En tanto que la Unión Europea (UE) y EEUU manifestaron su preocupación por la resolución de Chávez, diplomáticos venezolanos lamentaron que los medios extranjeros contribuyan a la difusión de una imagen del país sudamericano que no corresponde a la realidad y pidieron objetividad sobre el tema de RCTV.

A todo eso se añade la condena de muchas organizaciones internacionales y ONG que el caso ha desatado. Por ejemplo, la Sociedad Interamericana de Prensa (SIP) calificó de "antidemocrática" la decisión del presidente venezolano, así como la asociación Reporteros Sin Fronteras (RsF).

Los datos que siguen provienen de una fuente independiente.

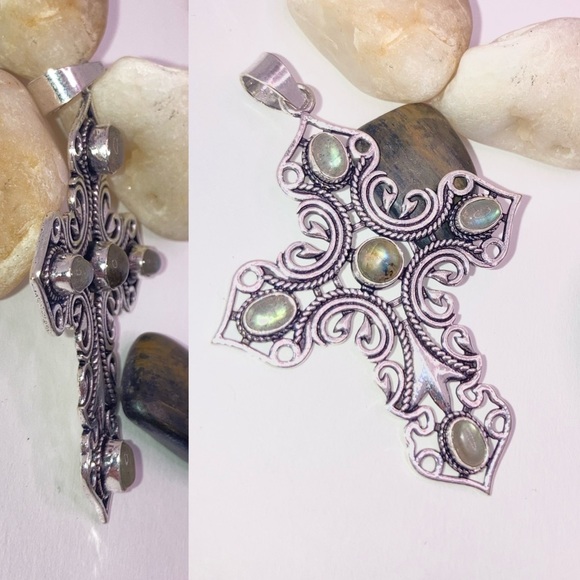 Magical Labradorite Handmade Celtic Cross Pendant - Picture 6 of 7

Poco tiempo después de que RsF definiera como un “abuso de poder” la medida del cierre, la asociación venezolana Periodistas por la Verdad, afín al Gobierno, denunció que dos presuntos miembros de la ONG, Enzo Pierini y Carlos Folchi, estarían repartiendo panfletos en territorio venezolano que instigan al odio contra el presidente Chávez. El responsable para las Américas de RsF, Benoit Hervieu, declaró a Americaeconomica.com que los nombres de Pierini y Folchi son desconocidos para la ONG, “siempre que existan”, y destacó que el país sudamericano padece una “verdadera degradación de la libertad de prensa”.

Otras amenazas. Cúando aún no se han acabado las protestas por el cierre de RCTV, Chávez ya ha declarado la guerra a otros medios. El mandatario acusó a la cadena privada de televisión Globovisión de incitar implícitamente a la población a matarle. Además, informó de que el Ejecutivo está investigando también a la cadena estadounidense CNN. Globovisión es un canal de televisión privado temático de noticias, de propiedad de Guillermo Zuloagal, empresario que también es accionista de Electricidad de Caracas y de la agencia de publicidad ARS.

Chávez ya había acusado en pasado a otras dos estaciones televisivas, Venevisión y Televen, de apoyar el intento de golpe y las posteriores protestas en contra del Gobierno. Pero desde entonces, ambos medios modificaron su línea editorial.

Libertad de comunicación.
Chávez nunca tuvo una buena relación con los medios de comunicación. El cierre de RCTV es sólo un nuevo acontecimiento que se suma a una larga lista de violaciones de la libertad de prensa en Venezuela, como agresiones físicas a periodistas; la aprobación de la Ley de Responsabilidad Social de los medios, que de hecho obstaculiza la libre comunicación; la reforma del código penal para agravar las sanciones por los delitos de prensa; las amenazas verbales del mandatario a algunos trabajadores del sector, etc.

Según un informe difundido por RsF, desde que empezó su mandato hace ocho años, han surgido 63 diarios “pro Gobierno” y la imagen del presidente se ha transmitido en más de 1.000 horas de programación televisiva.